**Your assignment**
Set the pictures aside and set down only the lines from the line holding "18K Gold and Diamond Vintage Necklace" through the end of the entries below, ends included.

Given records Block Start

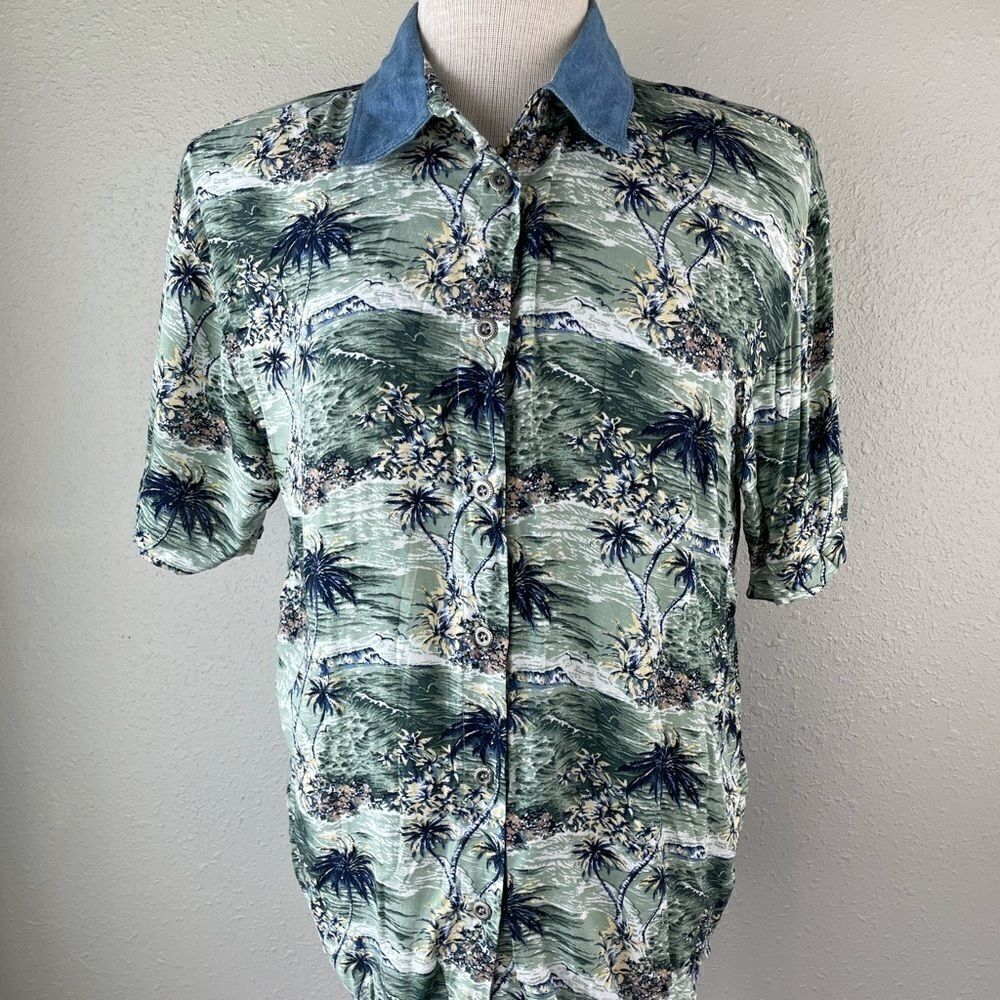 Capacity Palm Tree Shirt & Matching Shorts EUC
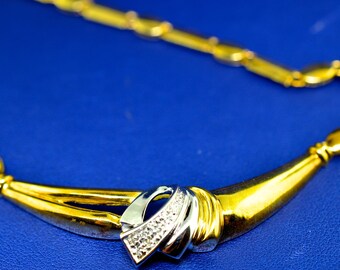 18K Gold and Diamond Vintage Necklace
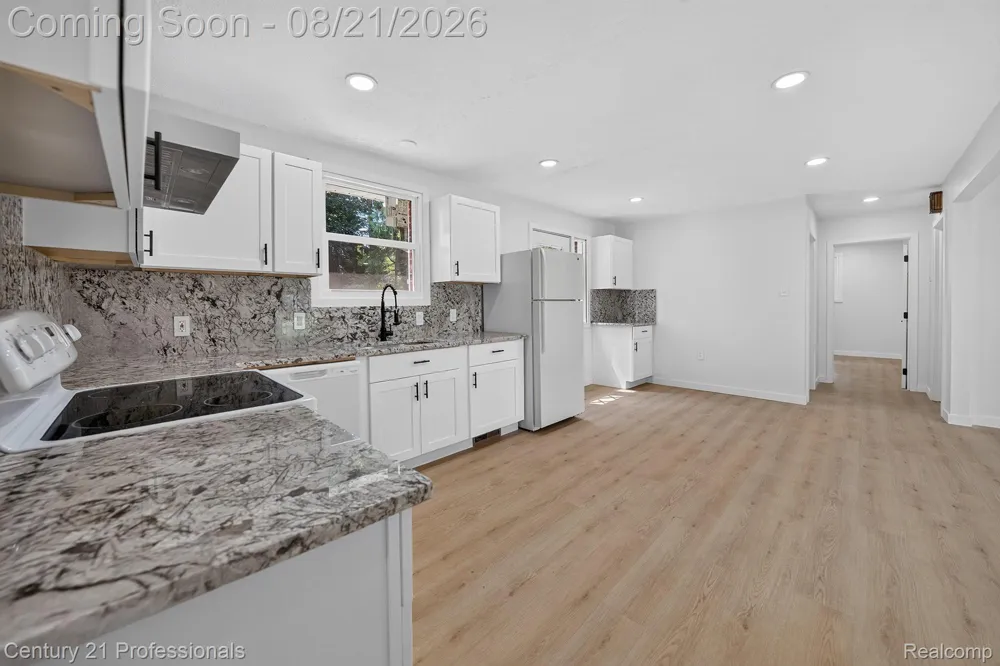 5000 Robert Street Shelby Charter Township, MI 48316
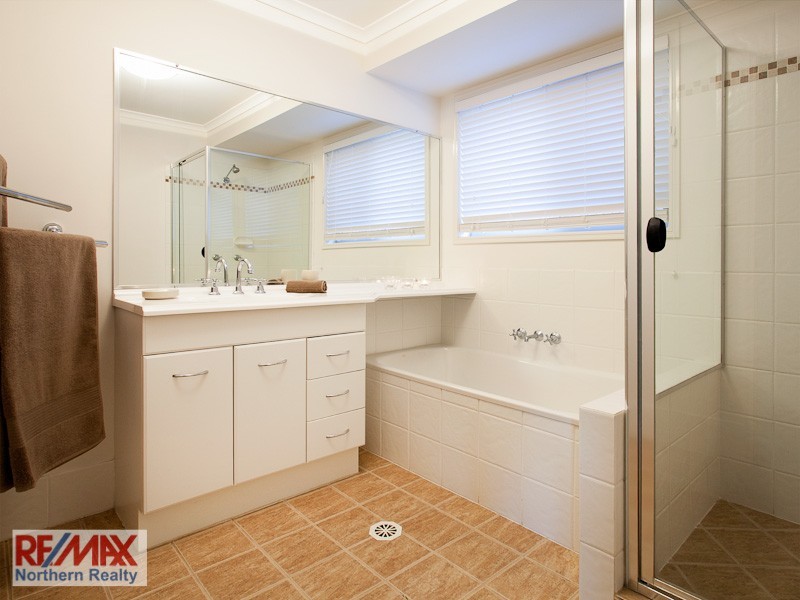 81 Oakwood Rd, Warner QLD 4500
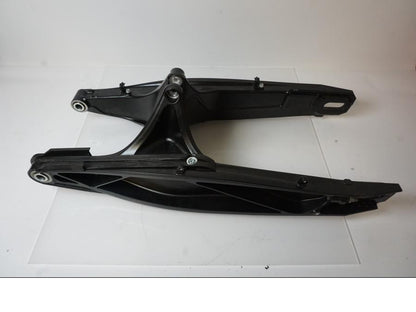 Framsidan på Sving från en KTM 790 Duke -2020 motorcykel.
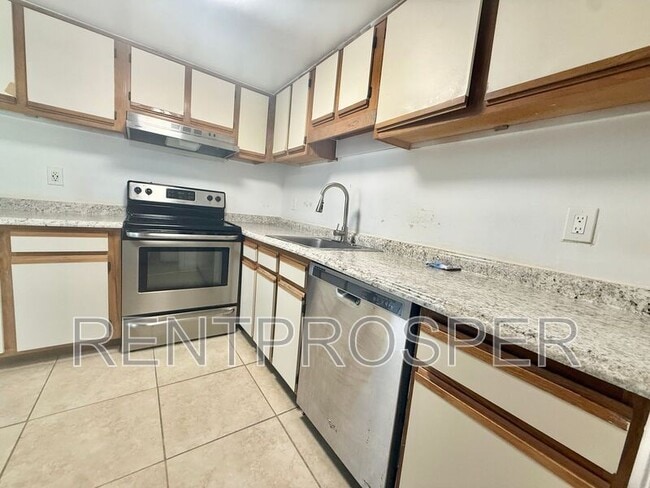 Building Photo - 4151 S Semoran Blvd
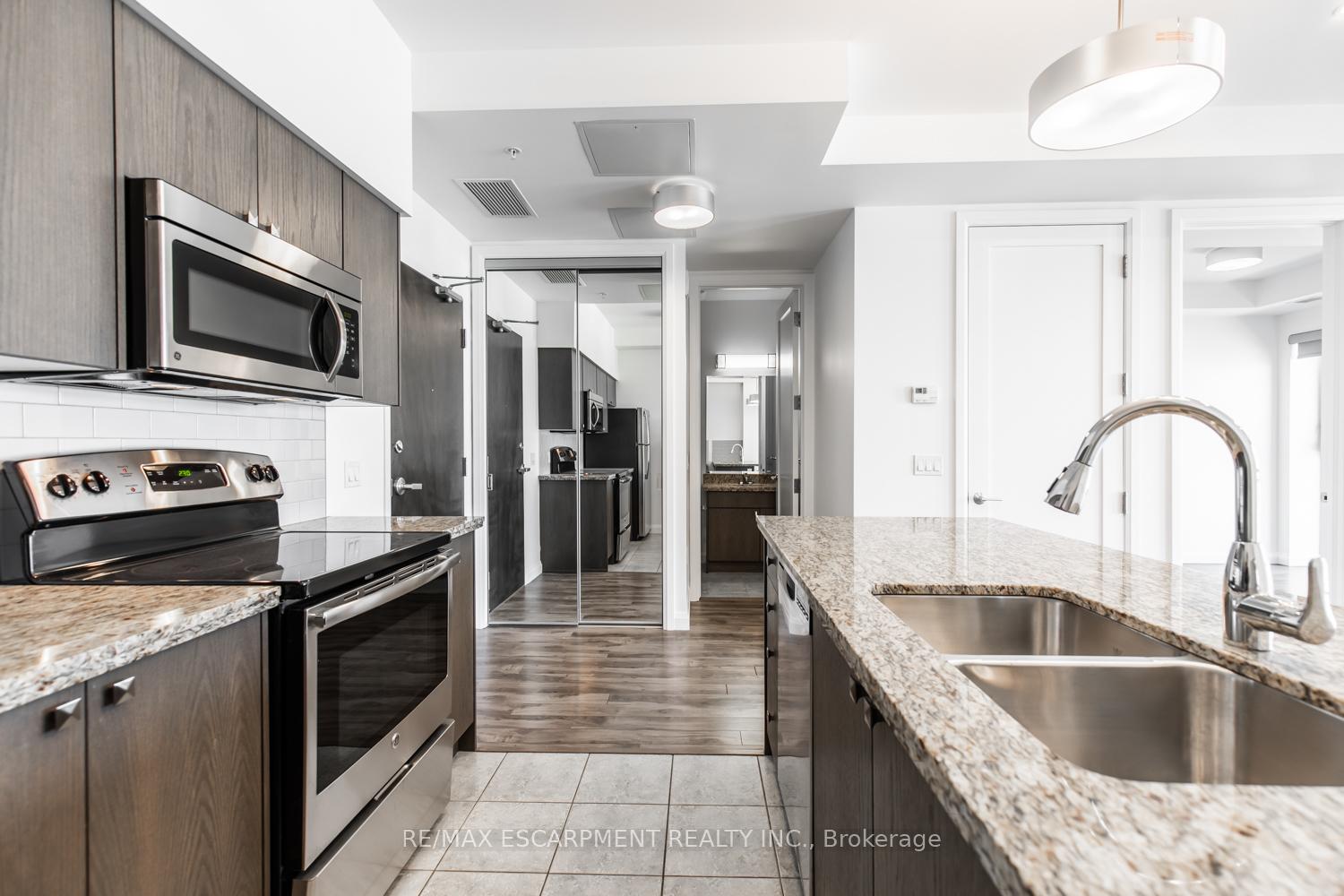 1 Bedroom Condo at 112 King,  Hamilton For sale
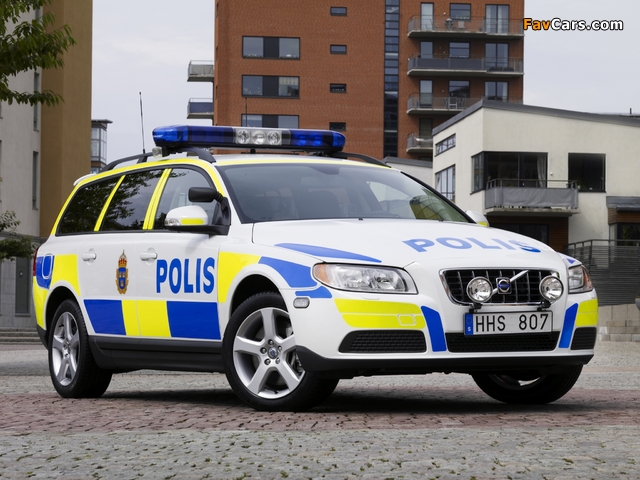 Volvo V70 Police Car 2007–09 images (640 x 480)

Given records Block End

**Result of the task**
 18K Gold and Diamond Vintage Necklace
 5000 Robert Street Shelby Charter Township, MI 48316
 81 Oakwood Rd, Warner QLD 4500
 Framsidan på Sving från en KTM 790 Duke -2020 motorcykel.
 Building Photo - 4151 S Semoran Blvd
 1 Bedroom Condo at 112 King,  Hamilton For sale
 Volvo V70 Police Car 2007–09 images (640 x 480)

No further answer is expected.